Para compreender a extensão e influência dos mangás no Japão e mundo afora, precisamos retomar um pouco do contexto histórico e social ao qual emergiu essa arte. 
Mangá Mujirushi de Urasawa, desenhado especialmente para exposição no Louvre

CONTEXTO HISTÓRICO 

Após os consequentes impactos econômicos, sociais e morais, reflexos da participação dos japoneses na segunda guerra mundial, ocorreu a necessidade da nação de reerguer o seu povo em prol de uma sociedade mais humanista, em um apelo ao bem comum . Nesse contexto, surgem as primeiras publicações de mangás em busca do resgate de valores e esperanças. Em princípio as narrativas eram voltadas ao público infantil e enfatizavam temas como: sonhos, amizade, cooperação, liberdade, através de alegres aventuras. Esse tom “Disney” não é apenas uma coincidência. O grande Osamu Tezuka, conhecido como o “Deus” dos mangás, por sua contribuição revolucionária no gênero, destaca ter inspirado seu estilo de desenho e narrativas nas animações de Walt Disney. Sua técnica apresentava novas características, como os marcantes olhos grandes e arredondados, o uso de onomatopeias e narrativas sequenciais cinematográficas, que contribuíram para retomada no ânimo e espírito da nação japonesa. 

 “Por que os filmes americanos são tão diferentes dos japoneses? Como eu posso desenhar quadrinhos que façam as pessoas rir, chorar e se emocionar como aquele filme? ’’. 

 Tezuka O.

A esquerda Naoki Urasawa e a direita Ozamu Tesuka


Somente mais tarde no final da década de 1950, surgem narrativas de teor adulto, com temáticas políticas e críticas sociais. Essa nova leva de artistas passaram a produzir mangás mais desafiadores e dramáticos que refletiam as desilusões do período pós-guerra e o conflito étnico nacionalista. Atualmente os mangás possuem um mercado consolidado na terra do sol nascente, lá as publicações são semanais, divididas por capítulos e publicadas por revistas específicas, que trazem ao leitor diversas histórias. Somente após certo sucesso e interesse são compilados em volumes encadernados, tais como estamos acostumados no Brasil. 
O público alvo é extremamente variado, são produzidos mangás em diversas categorias, desde o infantil ao adulto, temas que se estendem a ficção, aventura, dramas, esportes, ação, colegial, LGBT, eróticos, terror. Sempre com traços característicos japoneses que enfatizam o relacionamento afetivo do consumidor em uma identificação direta com o produto. 
A esquerda a Obra a Princesa e o Cavaleiro e a Direita a obra Lobo Solitário. 

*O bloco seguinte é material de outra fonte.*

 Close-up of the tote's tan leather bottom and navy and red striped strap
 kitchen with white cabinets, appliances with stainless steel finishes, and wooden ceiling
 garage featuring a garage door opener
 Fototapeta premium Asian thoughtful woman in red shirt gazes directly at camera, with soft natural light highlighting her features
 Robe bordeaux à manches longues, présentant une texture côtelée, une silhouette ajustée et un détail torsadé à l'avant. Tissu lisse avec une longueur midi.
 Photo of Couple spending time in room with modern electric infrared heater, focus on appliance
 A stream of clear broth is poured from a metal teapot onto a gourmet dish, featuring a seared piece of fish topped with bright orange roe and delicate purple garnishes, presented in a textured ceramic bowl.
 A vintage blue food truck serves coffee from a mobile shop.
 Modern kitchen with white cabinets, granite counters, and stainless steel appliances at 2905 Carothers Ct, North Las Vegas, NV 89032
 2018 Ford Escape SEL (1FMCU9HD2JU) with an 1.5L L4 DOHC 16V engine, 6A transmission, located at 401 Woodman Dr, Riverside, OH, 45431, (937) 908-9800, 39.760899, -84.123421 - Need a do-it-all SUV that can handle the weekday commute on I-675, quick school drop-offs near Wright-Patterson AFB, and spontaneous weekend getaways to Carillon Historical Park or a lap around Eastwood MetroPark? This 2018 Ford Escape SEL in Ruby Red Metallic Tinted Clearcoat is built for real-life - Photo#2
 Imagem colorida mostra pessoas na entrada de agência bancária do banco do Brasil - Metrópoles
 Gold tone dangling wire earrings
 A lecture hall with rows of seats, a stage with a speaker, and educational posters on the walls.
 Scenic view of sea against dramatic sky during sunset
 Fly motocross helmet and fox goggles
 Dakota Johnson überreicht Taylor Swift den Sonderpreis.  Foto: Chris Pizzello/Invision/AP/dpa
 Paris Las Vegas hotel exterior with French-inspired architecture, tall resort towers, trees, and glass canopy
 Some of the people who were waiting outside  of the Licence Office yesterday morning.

DIFERENÇAS E CARACTERÍSTICAS

A forma e a estética dos quadrinhos japoneses, envolvem uma expressão única, que dá margens a uma dinâmica fantasiosa e exploratória. Esse espírito, tão enraizado, é representado pelo significado da própria palavra, união de dois ideogramas japoneses. 

 “Man” 漫 tem um significado primário de “involuntário” e secundariamente “moralmente corrupto”. Já o ideograma “Ga” 画 significa imagens. 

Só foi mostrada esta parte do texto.